Even two of my favorite economic columnists are split. James Surowiecki of the New Yorker worries about moral hazard (where investors act recklessly knowing that someone will bail them out) and argues against the move (Beware Bailouts):
Cutting the discount rate is not going to help subprime borrowers get new loans, nor will it get the housing market moving again. What it will do is reassure investors and save some money managers from well-deserved oblivion. It may be that the risk of a full-fledged credit crunch was high enough to make this worth doing. But there is something unseemly about watching the avatars of free-market capitalism rely on the government to pay for their bad bets. And there is something scary about contemplating the even bigger bets they’ll make in the future if they know that the Fed is there to bail them out.Steven Pearlstein of the Washington Post retorts (A Bailout for Investors? Good.):
Here's a question for all those carping about how the Federal Reserve, in offering to pump cash into the financial system last week, was bailing out lenders and investors from the full consequences of their bad decisions:
Why have a central bank, if not to do precisely that?
The original purpose of the Fed was not to try to manage the ups and downs of the business cycles or prevent the outbreak of inflation, though those have become the central focus in decades since World War II.
Rather, it was for the government to step in when investors and lenders get so fearful that they begin to pull back from making even sound loans and investments, draining from the economy the credit that is its lifeblood. That's what happened during a series of financial panics in the late 19th and early 20th centuries. And it was to prevent a recurrence of those panics that the Fed was created.
My own sense is that the moral hazard concept is one of those ideas that is better in theory than in practice. It has too long been a crutch used to argue against any government action -- such as bank deposit insurance. The personal history of those who have made bad financial mistakes is not full of forget-and-forgive stories. As one manager was quoted as saying about the risk of not playing it conservatively and switching to safe short-term Treasuries, "we will lose our bonus and may get fired."

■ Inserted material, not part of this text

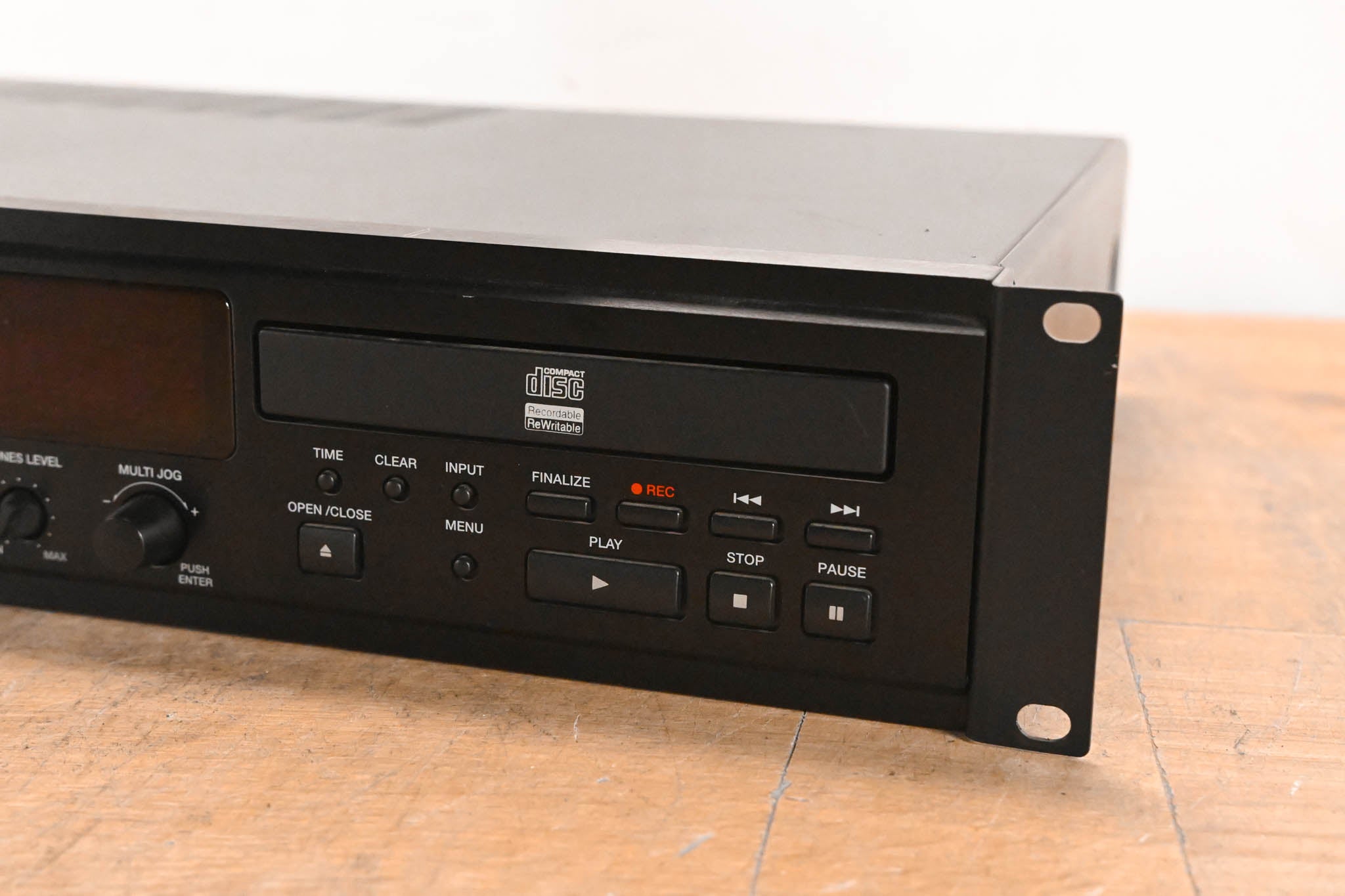 Denon DN-C550R Professional Dual CD Recorder and Player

We won't know for awhile whether the Fed's recent move was the right thing to do. In fact, I doubt there will even be consensus. We have just seen a new revisionist history of the Great Depression that says Roosevelt got it all wrong (and apparently extols the virtues of Andrew Mellon - the great liquidator whose solution was to just let the collapse happen -- “Liquidate labor, liquidate stocks, liquidate the farmers, liquidate real estate. . . . Purge the rottenness out of the system.” as Surowiecki quotes). I will leave it to economist who have studied history, such as Brad DeLong, to articulate the other side. Re-fighting the Great Depression is just the economists version of one of our great American past times, just like some people like re-fighting the Civil War.

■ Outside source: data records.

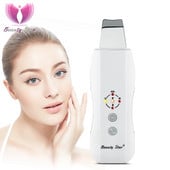 Beauty Star ultrahangos bőrradír masszírozógép arcbőrtisztító anionos arcbőrápoló ultrahangos peeling bőrradír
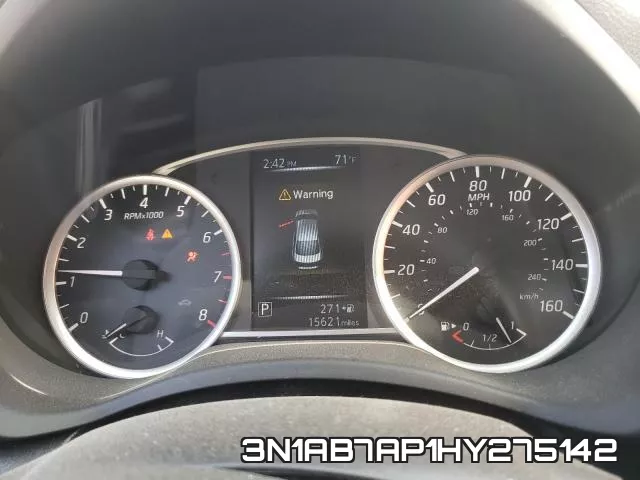 3N1AB7AP1HY275142 фото 9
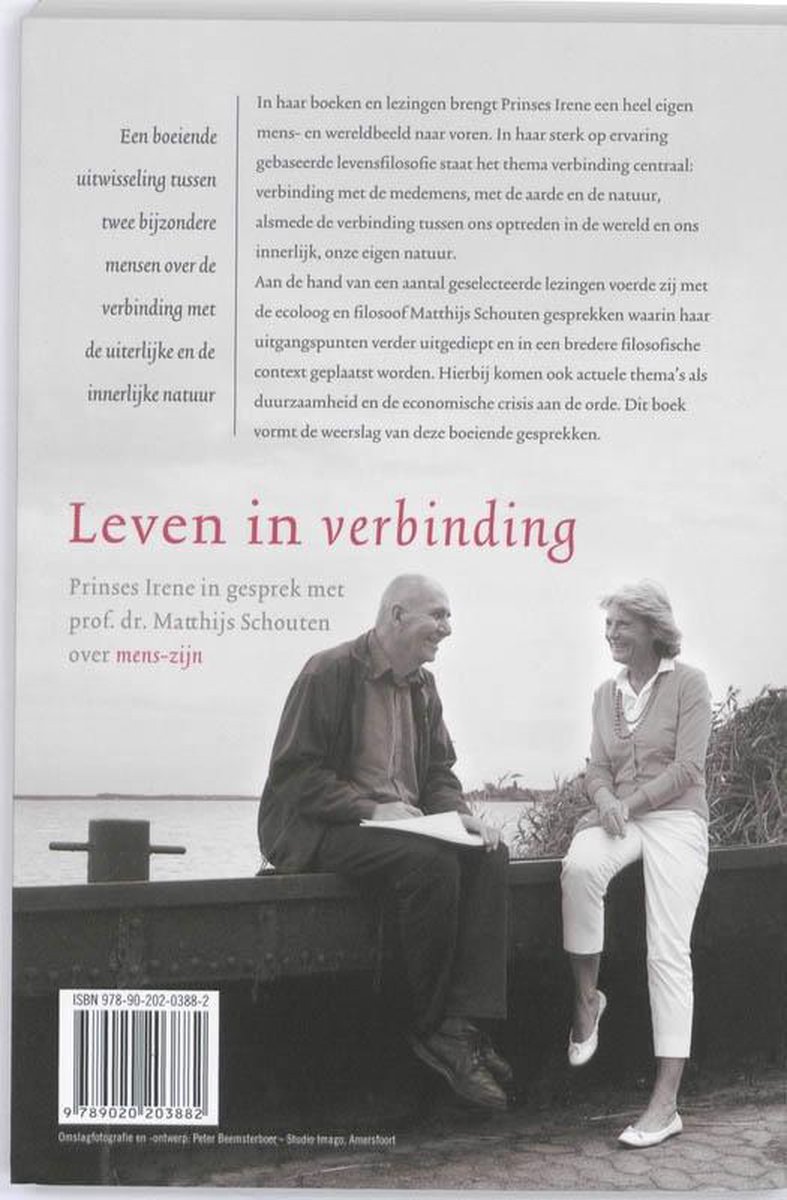 Leven in verbinding - back cover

We certainly won't agree on economic ideology. What the current argument over the Fed (and the never ending argument about the Great Depression) should teach us is a little economic humility. If we can't agree about what happened almost 70 years ago, if we are still fighting over interpretations of facts and theories of events those past event, then how in the world can we be so certain about our interpretation of events from less than a week ago.

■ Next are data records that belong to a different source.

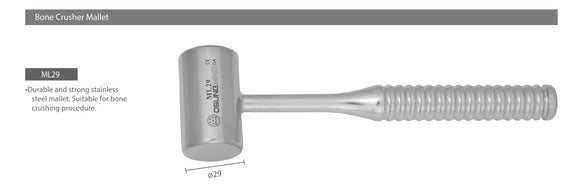 Smashing Precision: The Essential Role of the Bone Crusher Mallet in Modern Dentistry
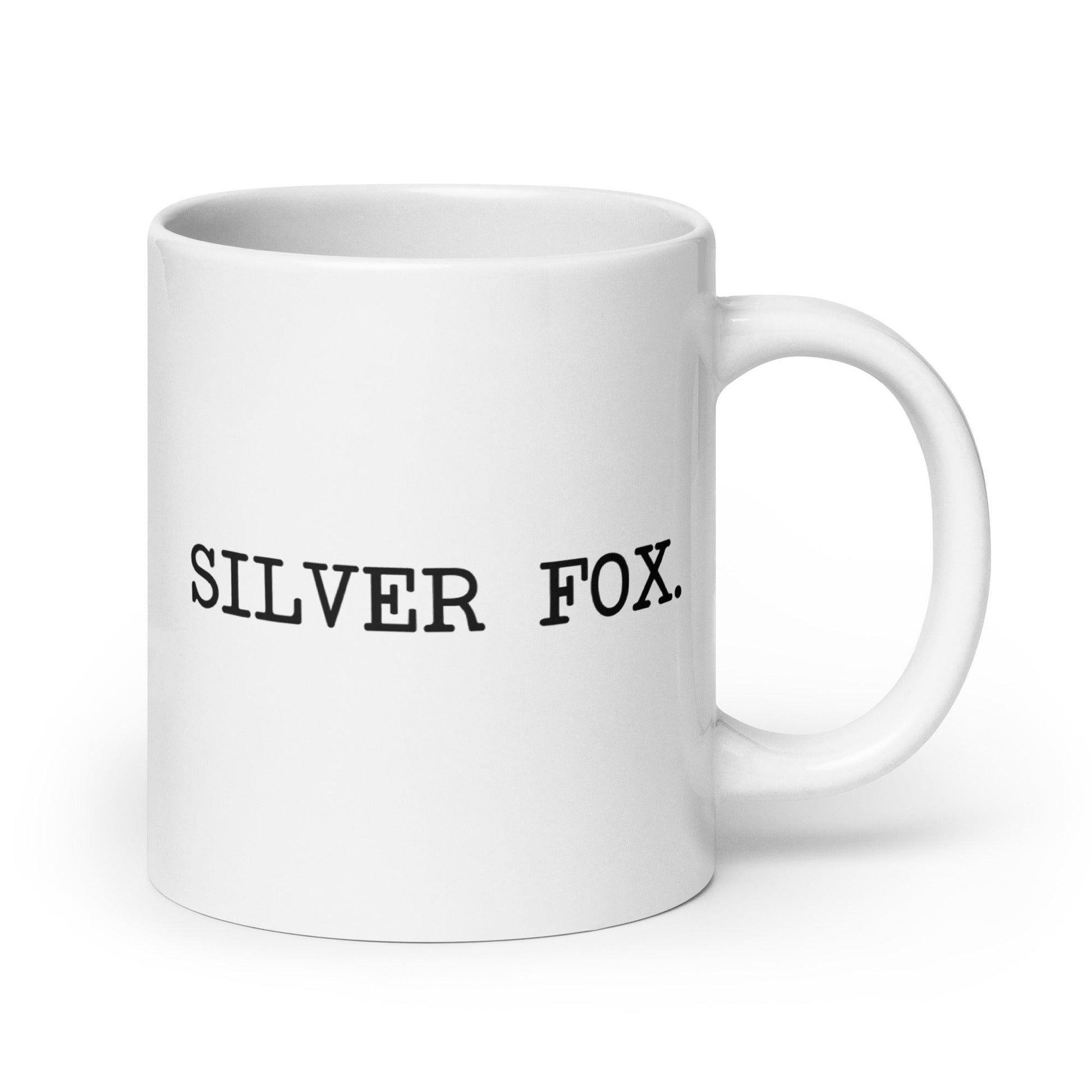 Gay Silver Fox Mug - Mug - Free 2 B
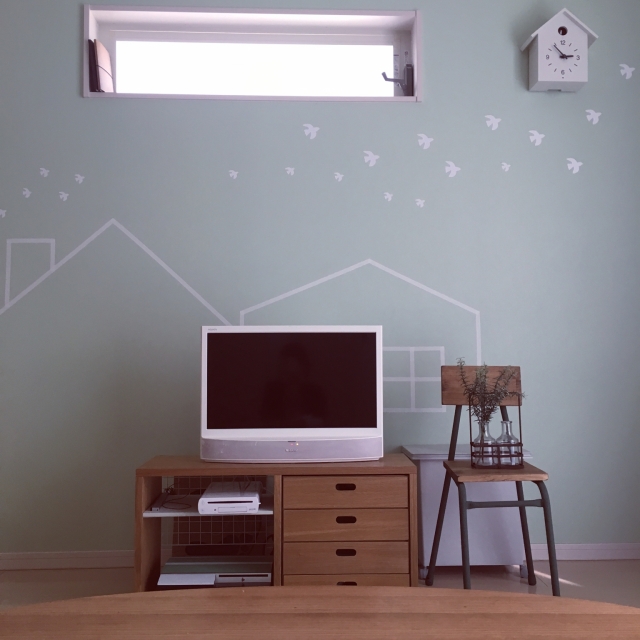 貼ってはがして何度でも マスキングテープで壁をリメイク 18年2月26日 エキサイトニュース 2 3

Economics, lacking the controlled experiment, will always be a matter of interpretation. And that is just another word for "after the fact rationalization of a guess." Add on the uncertainty of understanding the I-Cubed Economy. Then layer on the political and ideological dimension. With all that, it is amazing that any decisions get made at all.
Given the circumstances, the best we can hope for is some economic humility. Let’s just admit that we really don’t know – and get on with it.
Then again, that would put all commentators (including this author) out of business.